Addressing the Chicago Council on Global Affairs on Friday, Feb 19, Assistant Secretary of State for South and Central Asia, Robert Blake, said that inviting Indian prime minister Manmohan Singh to US was its wayf oshowing the importance it attaches to India.
"President Obama has further underscored the importance of India to the United States by promising to make a reciprocal visit to India, most likely later this year," he said, without announcing the date of his likely visit.
He said that US considers India to be an indispensable partner of the country and share common ideals which would help in strengthening not only the relationship but also the international community.
"The United States and India share common ideals and complementary strengths reflected in our very close people-to-people contacts, our shared embrace of democratic principles and our willingness to work together on issues that matter not only to us, but to the global community," Blake said.
Blake said that the Indo-US was directed towards the progress of the entire world.
"Few relationships around the world matter more to our collective future, or hold greater promise for constructive action on the challenges that matter most to all of us, than the partnership between the United States and India."
"That doesn't mean that we will always agree, because we won't.

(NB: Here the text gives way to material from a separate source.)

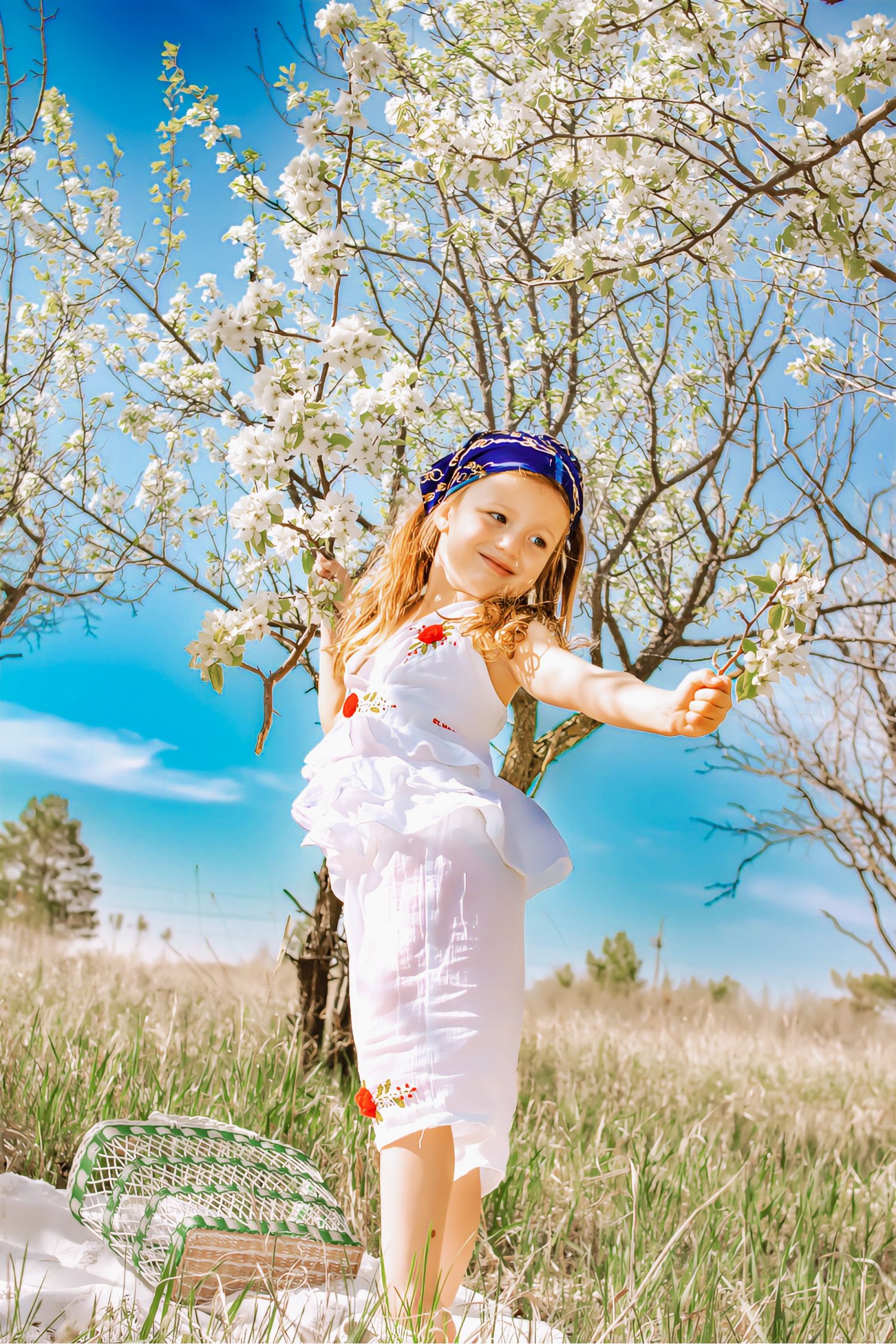 Child playing in blooming cherry blossom trees on a bright spring day.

But together we can build on the solid foundation that already exists, an even stronger partnership that serves not only the interests of our two countries, but of the rest of the international community," he said.
Speaking about the relationship between India and Pakistan, Blake said that US would wait for the two countries to sort out their problems on their own terms.
"While we would like to see India and Pakistan reach a stable relationship, they will do so on their terms at the appropriate time," he said.
Blake added that India, Pakistan and the US share the common the threat of terrorism.
Lauding India's assistance to countries affected by war, Blake pointed out New Delhi's assistance in reconstructing those countries both in infrastructure, like construction of the Parliament building and highways, and humanitarian fields like food aid to two million school children.
He said that India has pledged over $1.2 billion in assistance.